(Recorded data)
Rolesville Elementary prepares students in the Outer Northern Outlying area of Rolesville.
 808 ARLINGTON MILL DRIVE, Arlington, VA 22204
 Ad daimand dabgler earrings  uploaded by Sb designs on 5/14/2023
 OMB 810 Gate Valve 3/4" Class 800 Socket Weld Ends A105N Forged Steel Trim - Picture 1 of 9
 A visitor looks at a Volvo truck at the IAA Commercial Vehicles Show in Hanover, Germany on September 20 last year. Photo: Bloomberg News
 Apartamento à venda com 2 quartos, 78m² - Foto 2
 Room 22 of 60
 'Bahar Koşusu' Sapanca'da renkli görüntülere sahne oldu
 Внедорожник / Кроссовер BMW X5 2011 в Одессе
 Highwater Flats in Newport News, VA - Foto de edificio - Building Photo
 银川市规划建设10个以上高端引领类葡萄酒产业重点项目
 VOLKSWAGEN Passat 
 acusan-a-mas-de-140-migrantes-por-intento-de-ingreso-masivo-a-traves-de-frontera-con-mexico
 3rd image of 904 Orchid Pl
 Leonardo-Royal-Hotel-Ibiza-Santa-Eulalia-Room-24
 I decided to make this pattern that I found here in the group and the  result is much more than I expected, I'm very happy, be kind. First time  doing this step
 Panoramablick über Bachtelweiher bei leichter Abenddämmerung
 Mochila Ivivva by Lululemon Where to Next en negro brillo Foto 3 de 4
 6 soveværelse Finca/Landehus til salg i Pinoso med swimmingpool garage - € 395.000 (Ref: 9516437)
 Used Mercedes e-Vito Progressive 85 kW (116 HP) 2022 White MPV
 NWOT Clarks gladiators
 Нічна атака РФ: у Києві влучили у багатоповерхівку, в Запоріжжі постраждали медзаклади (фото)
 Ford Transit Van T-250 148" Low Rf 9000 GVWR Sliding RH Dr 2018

■ Task instructions ■
Copy the entries word for word. Leave nothing out.

■ Answer space ■
Rolesville Elementary prepares students in the Outer Northern Outlying area of Rolesville.
 808 ARLINGTON MILL DRIVE, Arlington, VA 22204
 Ad daimand dabgler earrings  uploaded by Sb designs on 5/14/2023
 OMB 810 Gate Valve 3/4" Class 800 Socket Weld Ends A105N Forged Steel Trim - Picture 1 of 9
 A visitor looks at a Volvo truck at the IAA Commercial Vehicles Show in Hanover, Germany on September 20 last year. Photo: Bloomberg News
 Apartamento à venda com 2 quartos, 78m² - Foto 2
 Room 22 of 60
 'Bahar Koşusu' Sapanca'da renkli görüntülere sahne oldu
 Внедорожник / Кроссовер BMW X5 2011 в Одессе
 Highwater Flats in Newport News, VA - Foto de edificio - Building Photo
 银川市规划建设10个以上高端引领类葡萄酒产业重点项目
 VOLKSWAGEN Passat 
 acusan-a-mas-de-140-migrantes-por-intento-de-ingreso-masivo-a-traves-de-frontera-con-mexico
 3rd image of 904 Orchid Pl
 Leonardo-Royal-Hotel-Ibiza-Santa-Eulalia-Room-24
 I decided to make this pattern that I found here in the group and the  result is much more than I expected, I'm very happy, be kind. First time  doing this step
 Panoramablick über Bachtelweiher bei leichter Abenddämmerung
 Mochila Ivivva by Lululemon Where to Next en negro brillo Foto 3 de 4
 6 soveværelse Finca/Landehus til salg i Pinoso med swimmingpool garage - € 395.000 (Ref: 9516437)
 Used Mercedes e-Vito Progressive 85 kW (116 HP) 2022 White MPV
 NWOT Clarks gladiators
 Нічна атака РФ: у Києві влучили у багатоповерхівку, в Запоріжжі постраждали медзаклади (фото)
 Ford Transit Van T-250 148" Low Rf 9000 GVWR Sliding RH Dr 2018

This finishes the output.